Dabei war es, so abgedroschen das klingen mag, nicht das wonach es aussah. Ich hatte nämlich nicht sie geküsst, sondern sie mich, und das auch nur, weil sie furchtbar betrunken gewesen war. Eigentlich war die Hufflepuff mit diesem Chang aus Ravenclaw zusammen.

Und nun würde Sirius vielleicht etwas Unüberlegtes tun. Er tat immer so, als sei er ein ganz harter Kerl, aber in Wirklichkeit war er ziemlich weich.
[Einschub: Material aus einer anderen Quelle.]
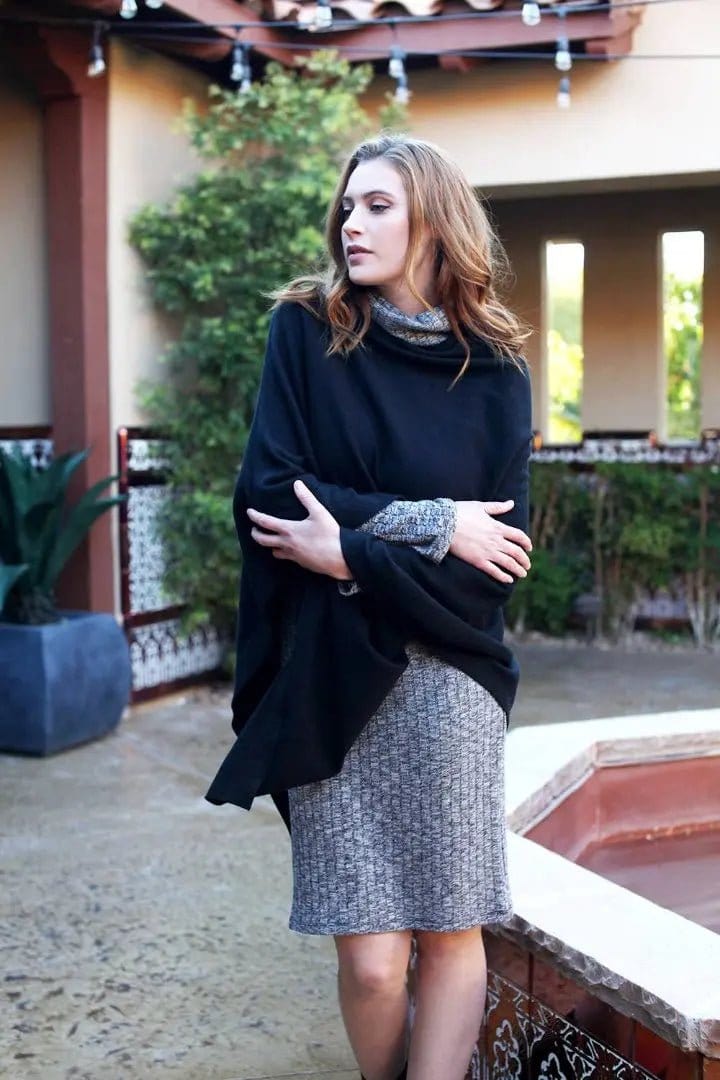 The Baby Blanket Store Sweater Knit Poncho Ponchos for Women - Soft, Versatile Knit Poncho for All Seasons.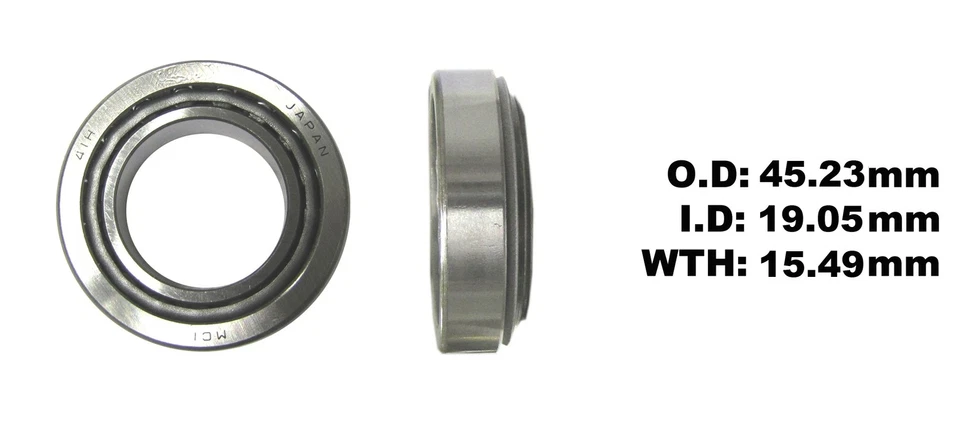 Rodamiento de rueda delantero izquierdo para Harley Davidson FXSTSB 1340 Bad Boy 1995 - 1997 Foto 1 de 1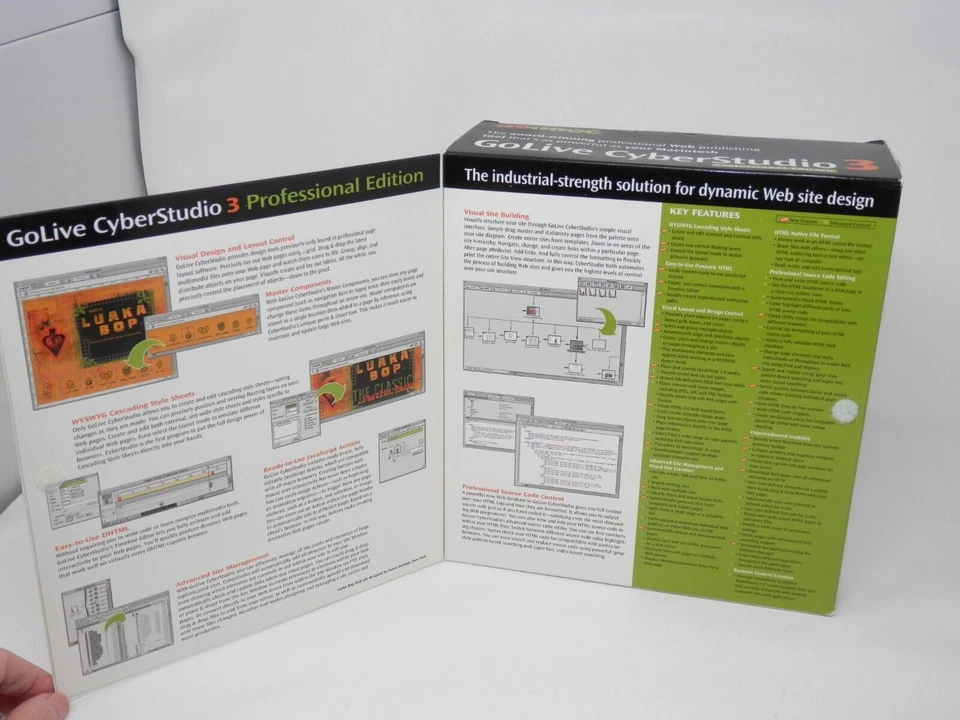 GoLive CyberStudio 3 Professional for Mac • Macintosh Vintage 1998 NOS SEALED - Image 2 of 4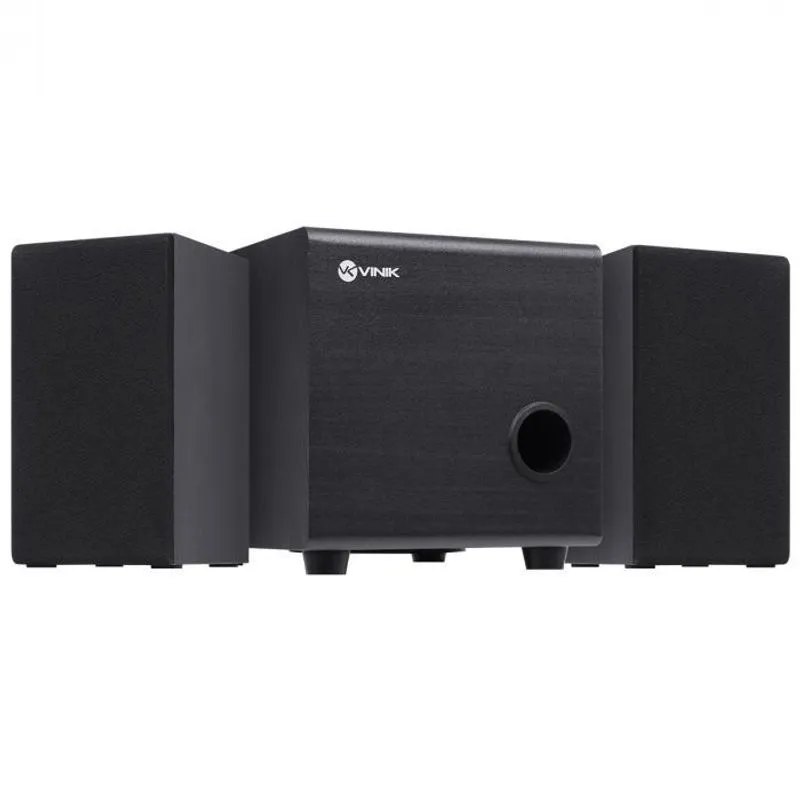 Caixa De Som Em Madeira Vinik 2.1 Tune Com Subwoofer +manual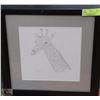 Image 1 : GIRAFFE PENCIL ARTWORK BY RYAN ARNFINSON 16"X16"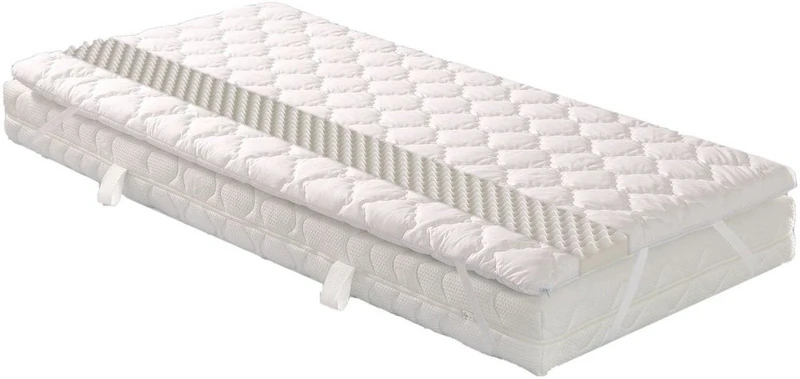 Abeil, Napped Foam Mattress Topper/Protector-White, white, 140 x 200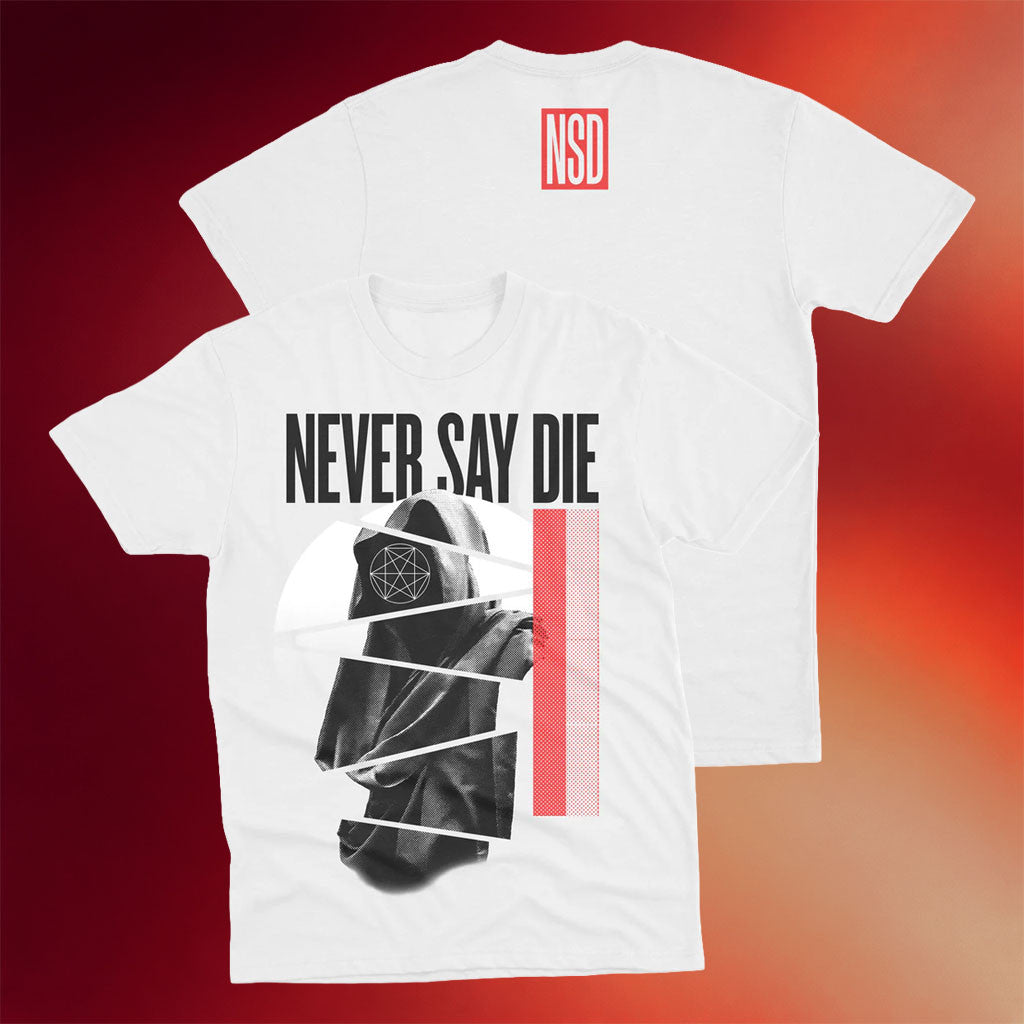 KT8 Merch 2026 NSDR Cloak White T-Shirt Never Say Die Shirt NSDR Merch Gift For BFF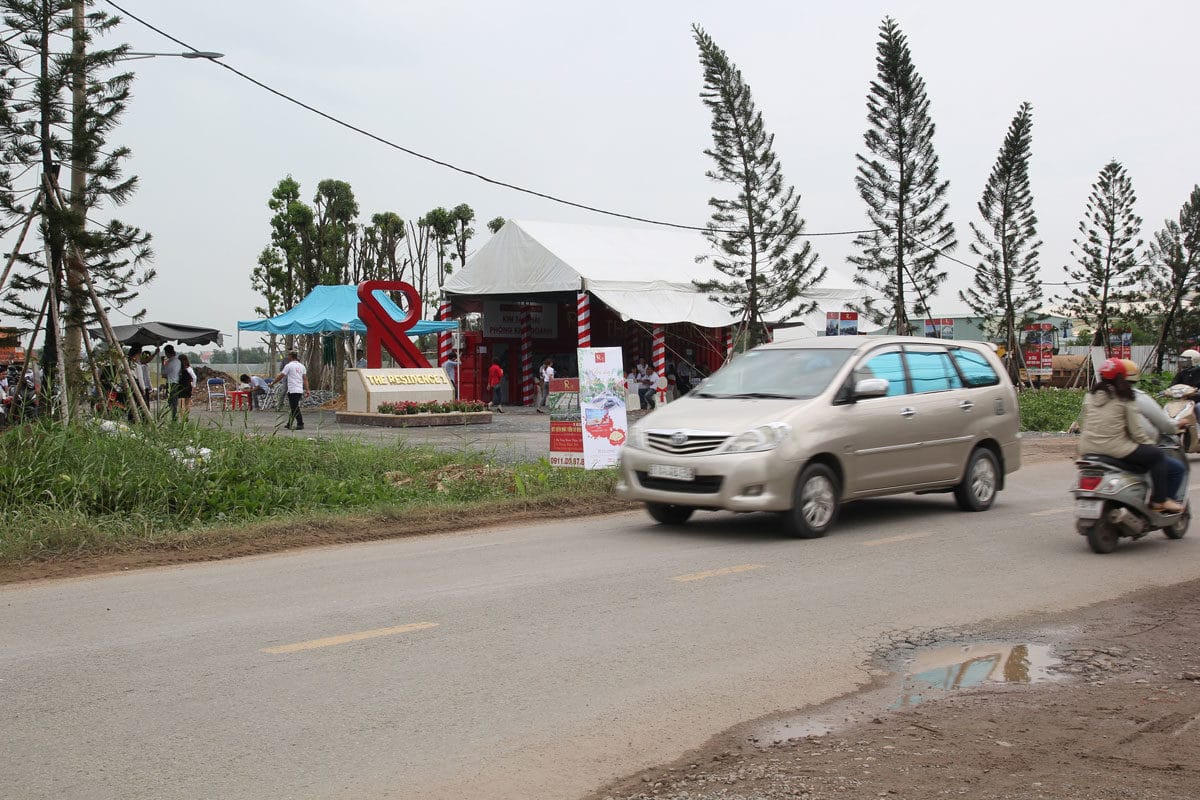 hinh anh truc duong vo van bich truoc cong du an res 1 - DỰ ÁN RES 1 - THE RESIDENCE 1 VÕ VĂN BÍCH CỦ CHI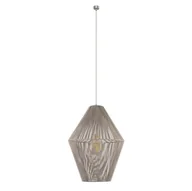 Lampy sufitowe - Lampa wisząca z regulacją Hagata 5128 Shilo klatka boho beżowy - miniaturka - grafika 1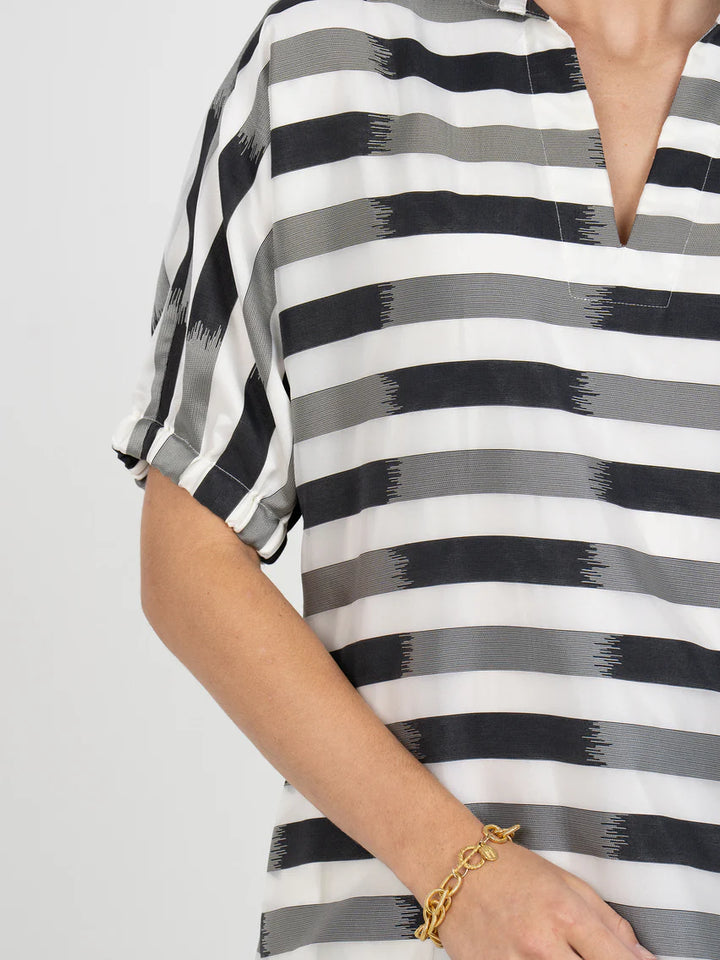 Poppy Maxi (Truffle Stripe)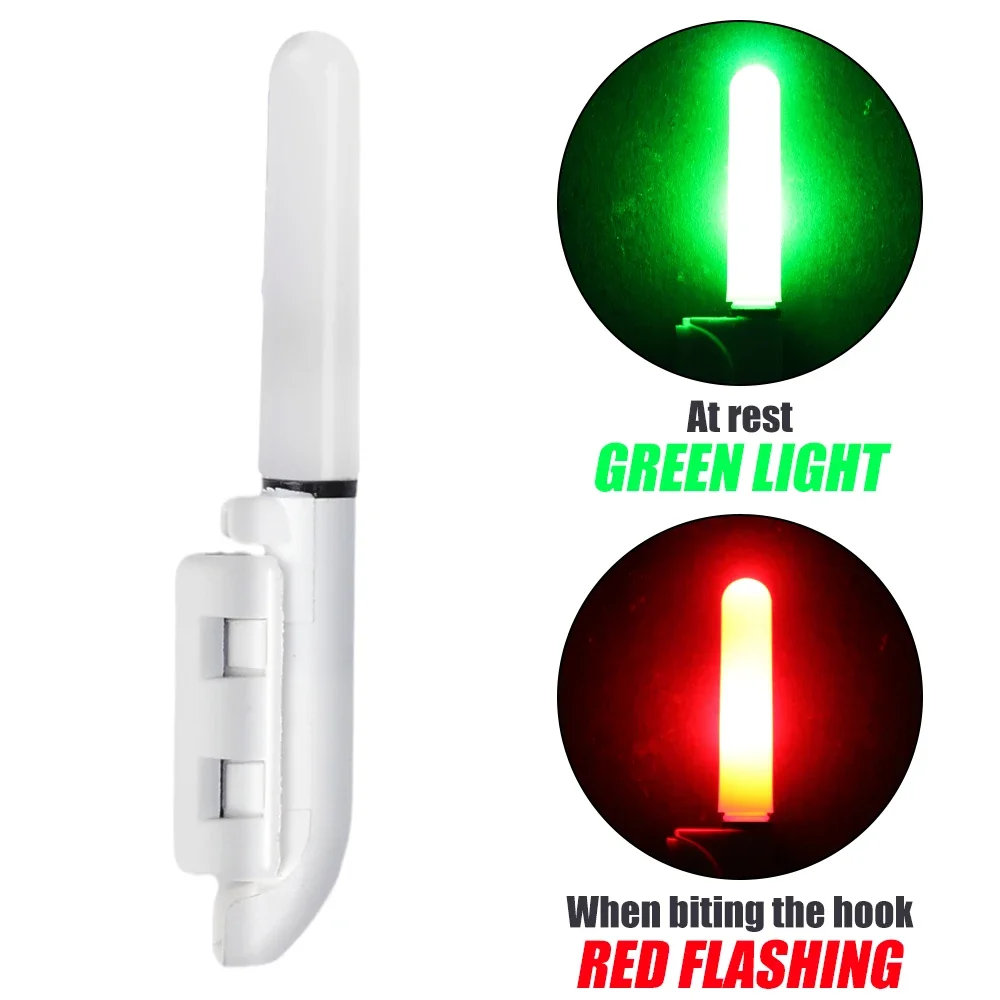2 Lumières De Pêche De Nuit Rechargeables Avec Batterie Et Chargeur - Étanches Pour Le Bout De La Canne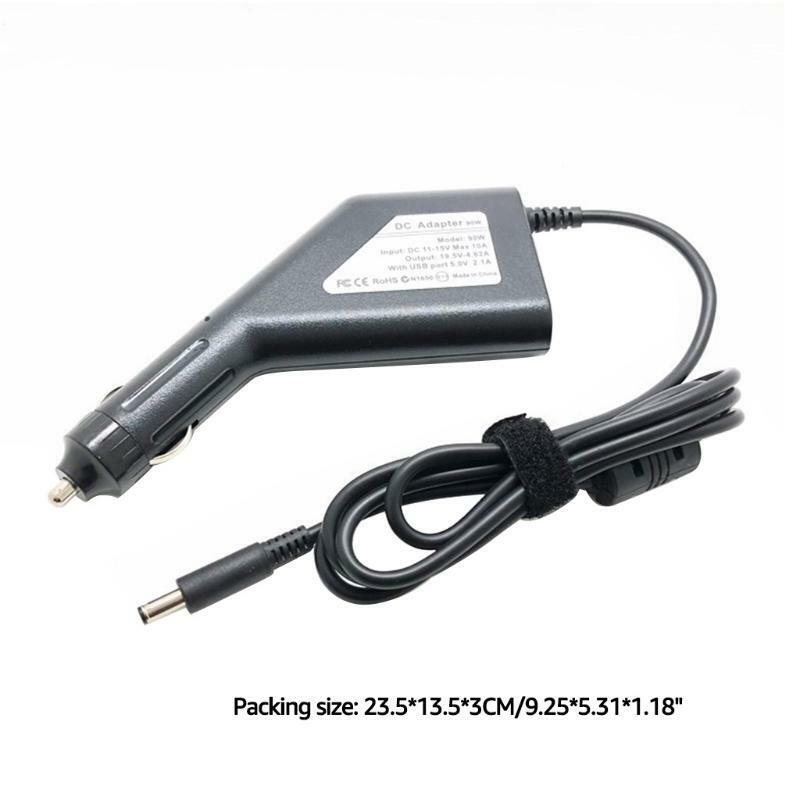 19.5V 4.62A 90W DC Car Charger Power Adapter for Dell Laptop Easy to Use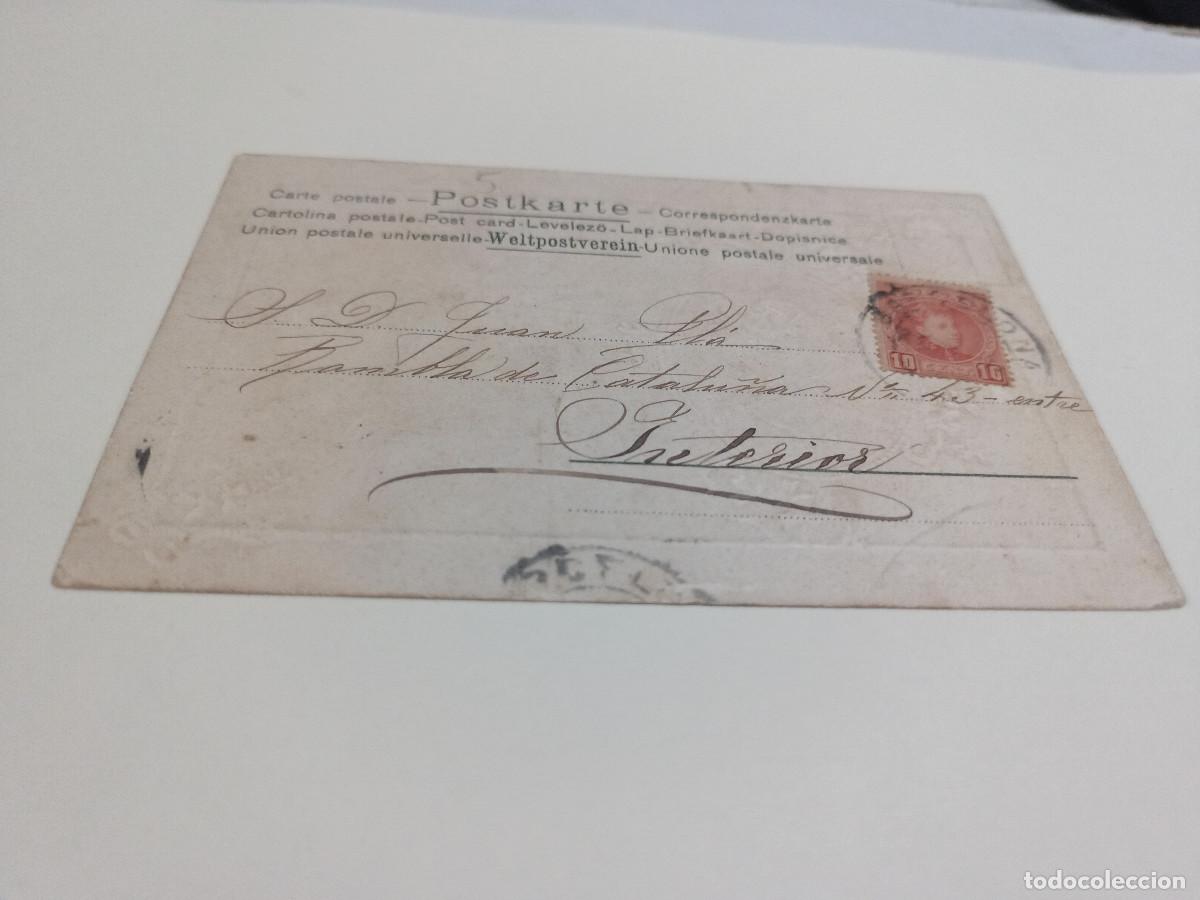Postales: POSTAL MODERNISTA CON RELIEVES - Foto 2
Ich hatte große Angst, dass er sich jetzt, wo er innerhalb dieses kurzen Zeitraums von so vielen Menschen verletzt worden war, etwas antun könnte. Wut und Trauer waren oft Auslöser für Selbstmord. Würde er so weit gehen?

Bitte, bitte nicht.

Das durfte Sirius einfach nicht. Ich liebte ihn doch, mehr als alles andere auf der Welt!

Panisch lief ich durch die ganze Schule, klapperte alle Orte ab, an denen wir uns oft getroffen hatten. Der Gemeinschaftsraum, der um diese Uhrzeit bereits ganz leer war. Das verlassene Klassenzimmer, in dem wir uns früher, als unsere Beziehung noch ein Geheimnis gewesen war, immer getroffen hatten. Die Bibliothek, in der er mich mit seinen Küssen immer vom Lernen abgehalten hatte. Ich war wirklich überall gewesen, doch ich fand ihn nicht. Doch dann kam mir ein Einfall.

Der Astronomieturm!

So schnell es ging rannte ich hinauf, achtete weder auf meine Atemnot, noch auf meine schmerzenden Füße. Und da war er. Sirius, wie er auf der Mauer saß und ich die Tiefe starrte, sein Haar wehte im Wind. Ich eilte zu ihm, versuchte leise zu sein, um zu verhindern, dass er erschrak und in den Abgrund stürzte. Ich packte ihn einfach am Bauch und zog den überrascht kreischenden Sirius von der Mauer auf den sicheren Boden.

"Was. Denkst. Du. Dir. Eigentlich. Dabei? Du hättest fallen können! Du hättest sterben können! Du..."

Ich brach ab. Sirius schüttelte meine Hände ab und richtete sich auf, seine Augen waren vom Weinen ganz verquollen.

"Was denkst du dir eigentlich dabei? Du hast mich doch betrogen! Ich bedeute dir doch rein gar nichts! Was kümmert es dich also, wenn ich sterbe?", brüllte er mich an und brach wieder in Tränen aus.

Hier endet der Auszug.